Why a cat’s eyes seem so uncanny – and what their structure has in common with snakes.

3 min readMay 9, 2025
Photo by author

There are galaxies behind the eyes of a cat.

Look closely – closer than comfort might allow – and you’ll see it: a vertical slit cut through molten gold, ringed by darkness, reflecting worlds. This isn’t just an eye. It’s a finely tuned instrument shaped by millions of years of evolution, a marvel of biology that also feels like a portal to something older, stranger, and deeper than science can measure.

I took a photograph of my cat’s eye the other day, a macro close-up that showed every fleck of pigment, every glint of reflected light, every detail of that narrow, reptilian pupil. What I captured didn’t just feel alive – it felt sentient. Not just looking back, but through me.

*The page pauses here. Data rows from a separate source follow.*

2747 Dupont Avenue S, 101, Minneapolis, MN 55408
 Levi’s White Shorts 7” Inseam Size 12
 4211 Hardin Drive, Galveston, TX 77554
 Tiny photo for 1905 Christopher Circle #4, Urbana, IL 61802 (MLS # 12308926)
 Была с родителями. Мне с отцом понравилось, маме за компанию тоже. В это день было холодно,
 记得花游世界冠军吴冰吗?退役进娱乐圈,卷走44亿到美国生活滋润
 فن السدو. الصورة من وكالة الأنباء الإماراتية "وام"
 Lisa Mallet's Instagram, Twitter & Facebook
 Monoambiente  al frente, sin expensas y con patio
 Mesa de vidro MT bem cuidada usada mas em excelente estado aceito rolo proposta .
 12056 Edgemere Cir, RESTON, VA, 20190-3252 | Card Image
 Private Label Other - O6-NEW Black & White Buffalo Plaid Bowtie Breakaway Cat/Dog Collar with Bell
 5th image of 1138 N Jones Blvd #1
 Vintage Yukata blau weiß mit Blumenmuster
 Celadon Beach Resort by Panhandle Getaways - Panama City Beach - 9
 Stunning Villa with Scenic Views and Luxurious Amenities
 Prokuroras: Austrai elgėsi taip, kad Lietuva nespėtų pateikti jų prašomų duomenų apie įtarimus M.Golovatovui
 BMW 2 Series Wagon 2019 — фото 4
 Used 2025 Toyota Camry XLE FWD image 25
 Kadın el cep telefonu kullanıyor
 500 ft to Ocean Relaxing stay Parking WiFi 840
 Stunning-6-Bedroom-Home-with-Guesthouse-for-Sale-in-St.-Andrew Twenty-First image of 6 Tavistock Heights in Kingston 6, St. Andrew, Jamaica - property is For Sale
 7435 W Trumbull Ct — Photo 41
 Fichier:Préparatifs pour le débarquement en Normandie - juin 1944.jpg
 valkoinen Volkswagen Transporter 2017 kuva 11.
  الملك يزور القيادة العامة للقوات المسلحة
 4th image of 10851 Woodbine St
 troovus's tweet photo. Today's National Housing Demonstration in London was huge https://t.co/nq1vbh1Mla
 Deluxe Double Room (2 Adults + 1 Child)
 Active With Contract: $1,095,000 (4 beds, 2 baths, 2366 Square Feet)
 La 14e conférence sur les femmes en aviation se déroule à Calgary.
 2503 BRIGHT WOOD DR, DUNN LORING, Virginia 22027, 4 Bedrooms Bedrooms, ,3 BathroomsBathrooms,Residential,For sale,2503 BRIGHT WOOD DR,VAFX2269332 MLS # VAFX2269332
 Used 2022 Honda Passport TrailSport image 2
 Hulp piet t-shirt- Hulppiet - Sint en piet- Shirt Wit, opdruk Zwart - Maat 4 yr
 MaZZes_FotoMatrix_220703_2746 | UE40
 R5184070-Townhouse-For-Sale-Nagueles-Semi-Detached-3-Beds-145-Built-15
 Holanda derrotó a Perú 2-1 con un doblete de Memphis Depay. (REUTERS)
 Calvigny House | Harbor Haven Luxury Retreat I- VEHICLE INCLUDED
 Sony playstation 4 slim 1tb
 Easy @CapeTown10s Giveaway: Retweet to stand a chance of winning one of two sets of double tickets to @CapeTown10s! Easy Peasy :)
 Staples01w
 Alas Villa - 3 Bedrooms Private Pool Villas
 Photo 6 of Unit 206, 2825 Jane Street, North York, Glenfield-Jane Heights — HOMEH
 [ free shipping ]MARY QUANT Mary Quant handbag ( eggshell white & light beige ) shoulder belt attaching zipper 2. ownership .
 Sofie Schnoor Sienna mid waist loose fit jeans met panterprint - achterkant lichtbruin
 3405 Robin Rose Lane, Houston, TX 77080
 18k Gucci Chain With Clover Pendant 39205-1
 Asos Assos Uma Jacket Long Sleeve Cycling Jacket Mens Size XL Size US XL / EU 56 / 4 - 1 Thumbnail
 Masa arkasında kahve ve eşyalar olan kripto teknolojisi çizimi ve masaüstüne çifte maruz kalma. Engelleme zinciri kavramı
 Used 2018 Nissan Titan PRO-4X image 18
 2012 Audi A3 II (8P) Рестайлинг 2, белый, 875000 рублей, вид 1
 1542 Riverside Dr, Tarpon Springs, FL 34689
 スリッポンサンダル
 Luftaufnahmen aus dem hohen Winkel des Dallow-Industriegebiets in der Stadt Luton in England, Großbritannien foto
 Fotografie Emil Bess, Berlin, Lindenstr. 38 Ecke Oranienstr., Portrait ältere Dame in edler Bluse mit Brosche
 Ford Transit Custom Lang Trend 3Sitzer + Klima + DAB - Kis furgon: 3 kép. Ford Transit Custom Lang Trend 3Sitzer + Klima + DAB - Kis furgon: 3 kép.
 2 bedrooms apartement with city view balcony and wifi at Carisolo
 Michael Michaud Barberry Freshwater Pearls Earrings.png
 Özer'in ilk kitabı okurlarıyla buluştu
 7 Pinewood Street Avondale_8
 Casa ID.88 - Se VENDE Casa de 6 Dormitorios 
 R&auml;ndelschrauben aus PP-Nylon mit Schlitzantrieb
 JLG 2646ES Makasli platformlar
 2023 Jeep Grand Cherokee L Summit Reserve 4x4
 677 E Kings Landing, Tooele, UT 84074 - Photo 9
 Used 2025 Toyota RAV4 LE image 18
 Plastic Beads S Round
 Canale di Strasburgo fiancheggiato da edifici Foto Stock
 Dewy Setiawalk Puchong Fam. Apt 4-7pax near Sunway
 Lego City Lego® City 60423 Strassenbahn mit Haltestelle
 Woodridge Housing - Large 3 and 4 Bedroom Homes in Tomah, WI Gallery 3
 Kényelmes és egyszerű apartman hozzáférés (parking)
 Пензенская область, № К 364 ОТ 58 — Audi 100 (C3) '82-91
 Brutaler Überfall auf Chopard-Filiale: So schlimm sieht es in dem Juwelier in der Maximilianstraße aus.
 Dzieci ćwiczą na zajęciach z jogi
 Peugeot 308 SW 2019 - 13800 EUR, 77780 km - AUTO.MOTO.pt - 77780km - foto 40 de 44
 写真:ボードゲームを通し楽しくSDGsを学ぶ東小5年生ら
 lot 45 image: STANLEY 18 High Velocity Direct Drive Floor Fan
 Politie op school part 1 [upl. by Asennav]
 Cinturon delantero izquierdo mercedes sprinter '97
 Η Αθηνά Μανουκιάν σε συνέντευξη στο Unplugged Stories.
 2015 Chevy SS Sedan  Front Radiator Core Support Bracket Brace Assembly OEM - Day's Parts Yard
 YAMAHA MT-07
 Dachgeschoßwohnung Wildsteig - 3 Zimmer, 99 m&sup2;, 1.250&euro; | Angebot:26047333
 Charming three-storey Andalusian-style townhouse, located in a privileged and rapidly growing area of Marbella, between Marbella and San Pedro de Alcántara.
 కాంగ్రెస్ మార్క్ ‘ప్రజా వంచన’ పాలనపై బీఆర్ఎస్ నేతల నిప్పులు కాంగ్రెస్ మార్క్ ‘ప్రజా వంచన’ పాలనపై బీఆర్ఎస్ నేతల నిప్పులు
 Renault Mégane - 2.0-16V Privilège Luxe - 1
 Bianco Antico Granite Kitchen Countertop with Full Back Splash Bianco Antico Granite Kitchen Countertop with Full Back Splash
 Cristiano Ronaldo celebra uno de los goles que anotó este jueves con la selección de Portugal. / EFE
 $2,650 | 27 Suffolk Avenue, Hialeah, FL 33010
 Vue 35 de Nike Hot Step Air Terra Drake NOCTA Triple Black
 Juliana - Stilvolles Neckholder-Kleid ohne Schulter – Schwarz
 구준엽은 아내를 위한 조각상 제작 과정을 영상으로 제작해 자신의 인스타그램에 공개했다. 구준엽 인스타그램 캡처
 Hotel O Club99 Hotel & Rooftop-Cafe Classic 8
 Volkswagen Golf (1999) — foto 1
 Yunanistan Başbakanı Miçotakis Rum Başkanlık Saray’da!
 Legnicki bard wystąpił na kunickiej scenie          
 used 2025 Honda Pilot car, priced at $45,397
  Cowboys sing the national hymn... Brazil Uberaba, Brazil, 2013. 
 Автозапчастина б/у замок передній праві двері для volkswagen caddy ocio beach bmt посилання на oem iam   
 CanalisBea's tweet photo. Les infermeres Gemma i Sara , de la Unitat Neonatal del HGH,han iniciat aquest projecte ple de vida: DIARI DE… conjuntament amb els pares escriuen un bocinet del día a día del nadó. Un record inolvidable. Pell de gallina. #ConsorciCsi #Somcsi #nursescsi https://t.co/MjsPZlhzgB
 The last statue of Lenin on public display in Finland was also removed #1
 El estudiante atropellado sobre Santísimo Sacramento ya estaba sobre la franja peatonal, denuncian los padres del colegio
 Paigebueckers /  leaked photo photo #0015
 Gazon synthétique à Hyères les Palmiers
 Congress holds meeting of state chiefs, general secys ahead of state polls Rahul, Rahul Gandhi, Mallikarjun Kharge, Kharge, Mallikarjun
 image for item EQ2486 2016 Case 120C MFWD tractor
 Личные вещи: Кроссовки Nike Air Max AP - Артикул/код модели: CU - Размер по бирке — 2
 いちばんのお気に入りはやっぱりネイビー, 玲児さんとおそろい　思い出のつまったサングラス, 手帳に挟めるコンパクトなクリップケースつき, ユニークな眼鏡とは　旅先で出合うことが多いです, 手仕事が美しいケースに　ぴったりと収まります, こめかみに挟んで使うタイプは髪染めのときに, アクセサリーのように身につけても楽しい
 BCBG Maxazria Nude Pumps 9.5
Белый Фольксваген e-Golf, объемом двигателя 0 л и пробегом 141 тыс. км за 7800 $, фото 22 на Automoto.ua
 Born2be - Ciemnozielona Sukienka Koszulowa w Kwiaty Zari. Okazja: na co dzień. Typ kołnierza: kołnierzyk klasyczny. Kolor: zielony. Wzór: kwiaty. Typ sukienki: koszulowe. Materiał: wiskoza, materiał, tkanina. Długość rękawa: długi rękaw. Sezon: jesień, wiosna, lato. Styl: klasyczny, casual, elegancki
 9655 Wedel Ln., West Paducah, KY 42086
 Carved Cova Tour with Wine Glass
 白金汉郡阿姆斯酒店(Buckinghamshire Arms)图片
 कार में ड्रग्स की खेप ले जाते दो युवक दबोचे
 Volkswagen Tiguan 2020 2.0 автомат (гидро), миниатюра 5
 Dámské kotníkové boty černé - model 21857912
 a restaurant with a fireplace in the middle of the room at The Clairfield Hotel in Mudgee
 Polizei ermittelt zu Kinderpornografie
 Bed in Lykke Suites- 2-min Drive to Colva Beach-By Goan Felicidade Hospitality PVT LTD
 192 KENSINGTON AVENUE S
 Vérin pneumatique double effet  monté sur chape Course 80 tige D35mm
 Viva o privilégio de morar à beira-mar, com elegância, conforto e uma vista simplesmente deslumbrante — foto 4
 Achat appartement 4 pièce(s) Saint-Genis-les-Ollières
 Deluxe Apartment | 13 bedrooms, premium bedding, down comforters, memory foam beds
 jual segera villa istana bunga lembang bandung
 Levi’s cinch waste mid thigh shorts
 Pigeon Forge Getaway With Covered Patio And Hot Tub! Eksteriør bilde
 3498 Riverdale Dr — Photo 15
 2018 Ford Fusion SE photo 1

Cat eyes are engineered for the in-between: for dusk, for shadow, for the moment just before something moves. The vertical pupil allows for rapid dilation and contraction, giving cats a huge dynamic range when it comes to light sensitivity. They can stalk prey in near-total darkness or blink lazily in the midday sun, adjusting seamlessly to the light.

Behind the retina lies the tapetum lucidum, a reflective layer that bounces light back through the eye a second time. It’s…

Peggy Jones
Peggy Jones

Written by Peggy Jones

Peggy Jones writes about power, protest, and the people history tried to forget. You can read more of her work at @peggyjones_90749 on Medium.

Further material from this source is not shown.